Over the last forty years or so, children have been gradually shifting from parental home care, to nursery school or other types of day care. The percentage of mothers with children under the age of 6, and working full time jobs outside of the home, increased from 12% in 1947, to over 70% as of today. About 15-20% of these children are actually in two or more different forms of day care throughout the week. Due to the high employment turnover and the low pay offered to day care providers, the average nursery or after school day care center in the United States is arguably mediocre at best; although there are certainly exceptions to this statement.
It has been shown by researchers that average and below average child care puts a child at risk for developmental delays or impairments in language abilities, cognitive development, as well as lower ratings on a scale of emotional and social wellbeing; those in non-parental care for more than thirty hours a week are also at an increased risk for stress-related behavioral problems later on in life.
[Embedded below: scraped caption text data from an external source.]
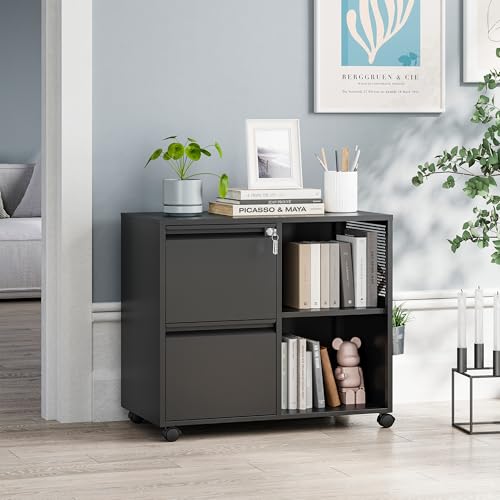 MIIIKO Metal 2-Drawer Lockable File Cabinet with Locking Drawers and Mobile Casters
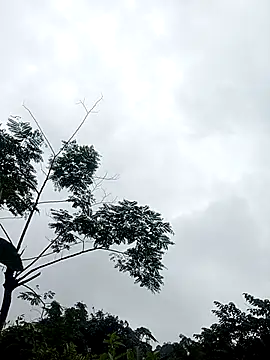 Bilik Sembang Langsung Ella_my
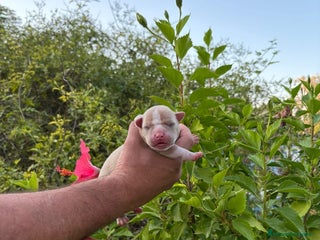 American Bully perros - Anuncio 4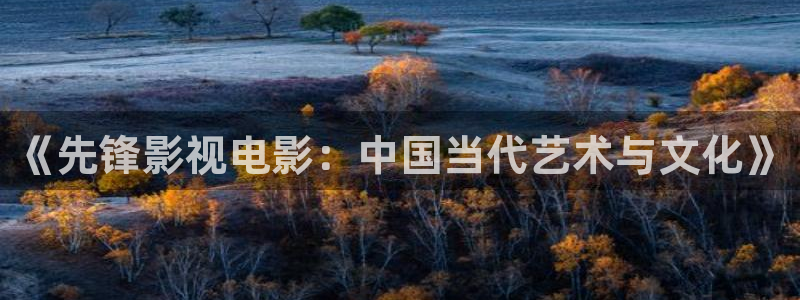汤姆影院新网址：《先锋影视电影：中国当代艺术与文化》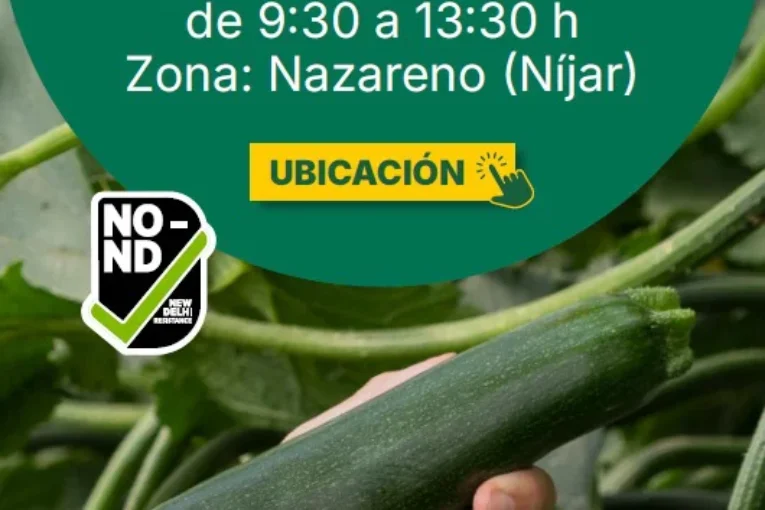 Día 9 de abril. Jornada de calabacín Vamana de HM.Clause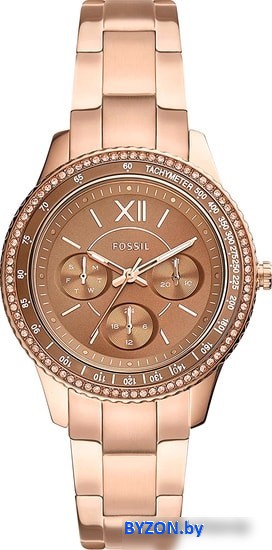 Наручные часы Fossil Stella ES5109 Наручные часы Fossil Stella ES5109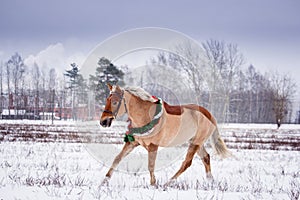 Cute palomino pony trotting in the snow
Children with families living in poverty are more likely to be receiving poorer-quality care than affluent families who can afford higher-quality nursery schools.
Children are at an even greater risk when there are multiple-child care arrangements over the course of the week; the “juggling” between day-care centers, relatives, neighbors, and babysitters increases antisocial behaviors while decreasing the development of prosocial behaviors. Girls with difficult temperaments who are considered high maintenance, may be at a greater risk for being affected negatively due to the “juggling”.
Not surprisingly, nursery and day-care workers report aggression and disruptive behavior to be the greatest challenge when dealing with the children; research has shown that aggressive tendencies as a toddler predict aggressive behavior later on in the child’s life. Further compounding the problem, evidence a correlation between merely being exposed to aggressive behavior in childhood, and an increased risk of juvenile delinquency and antisocial behavior in adulthood.
Attending a poor quality day care and other various child-care arrangements, along with peer rejection and an early life of poverty, all contribute to the development of an adult criminal mindset. The next post will be a discussion of parental and familial risk factors. A nurturing family environment with adequate parental guidance is arguably one of the most influential components in preventing antisocial behavior in adolescence.